Nos sociétés, sécularisées ou non, se distinguent par leur évitement des recherches sur les conditions de formations de l’identité. Celle-ci repose pourtant sur un trait essentiel puisque, à la jonction de l’individuel et du collectif, il commande des conduites extrémistes.
Fonctionnant comme idéal, il pousse chacun à vouloir dépasser sa division pour s’accomplir, à l’image de cette instance, comme totalité. Cet accomplissement, passant par une mort subjective sinon réelle, est généralement honoré comme un sacrifice suprême quand il prend place dans une action collective.
C’est donc vraisemblablement le souci de préserver un moyen majeur du pouvoir politique qui incite à le laisser dans l’ombre. Les Grecs avaient parfaitement percé l’ambiguïté de cette obscurité. S’agit-il en effet de se sacrifier pour la tribu (Sparte) ou bien pour la démocratie (Athènes) qui, par définition, exclut l’intégrisme ?
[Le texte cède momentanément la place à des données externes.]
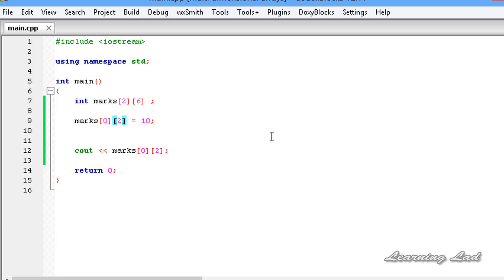This is it, guys — some information on multi-dimensional or two-dimensional arrays in C++. Thank you for watching, and don't forget to subscribe to my channel, like my Facebook page at facebook.com/learninglad. I'll see you in the next tutorial.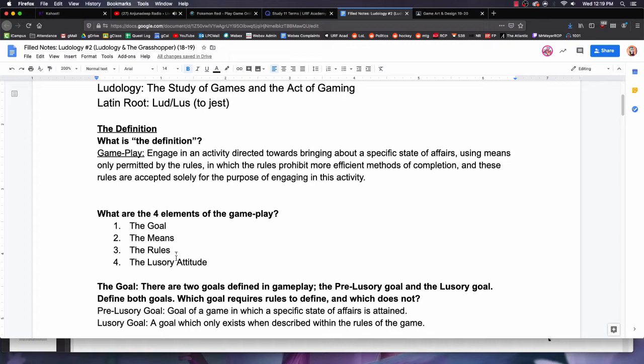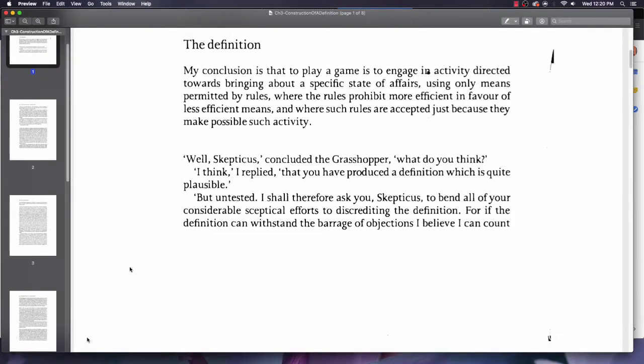There are some very specific things that enable this definition of gameplay to be as flexible in its application to games as it is. The key thing being means permitted by the rules, and rules that are prohibiting efficient methods of completion. Some of my questions in the notes do refer back to previous parts of the chapter to give additional context. Let's get back into the reading.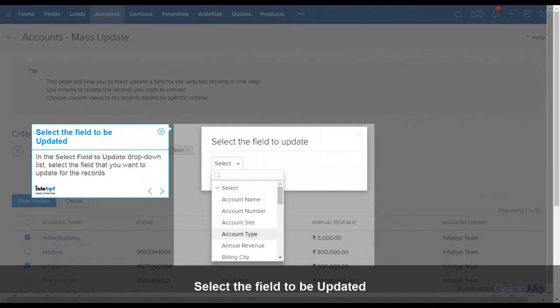In the Select Field to Update drop-down list, select the field that you want to update for the records.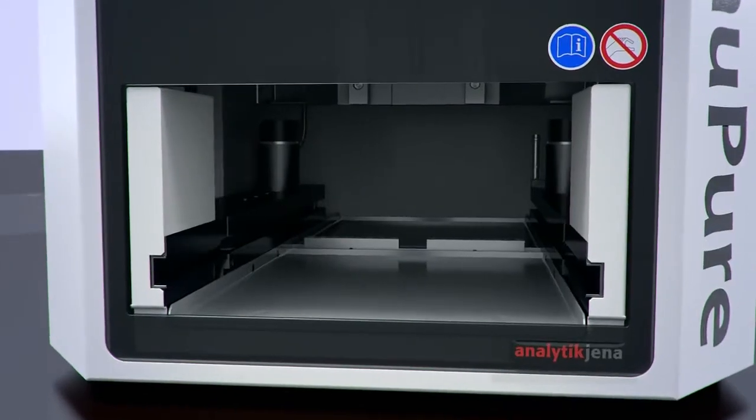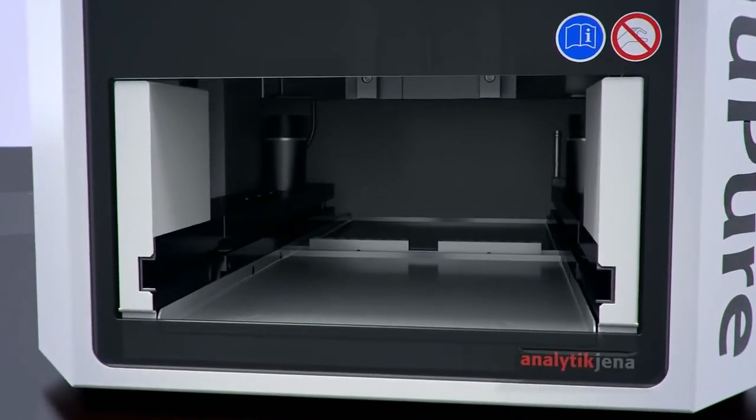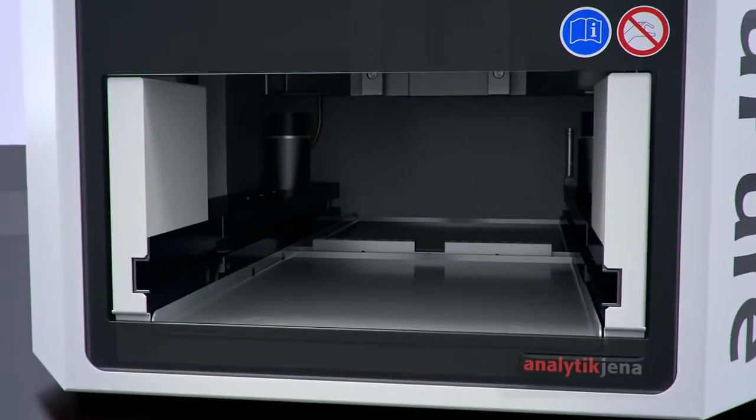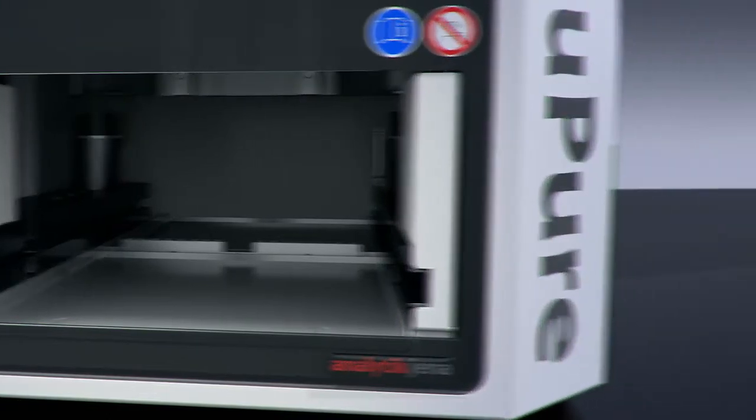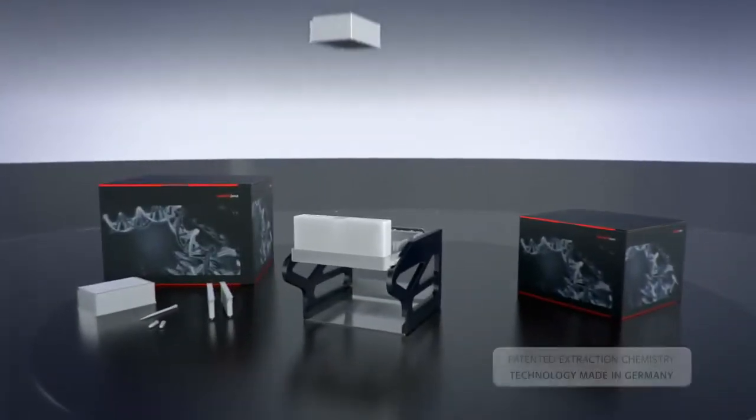The intelligent sample tray concept allows operators to process a variety of reagent plastics in parallel.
Laissée en suspend, leur question, tel un fantôme, hante nos sociétés, à leur dépens.
Les nouveaux Départements créés dans l’École, l’une sur les apports de la théologie à l’étude des déterminations psychiques, l’autre sur les conditions de formation de l’identité, devraient nous permettre de renouer avec la spéculation antique, aidés par les apports (oubliés) de Freud et (incompris) de Lacan.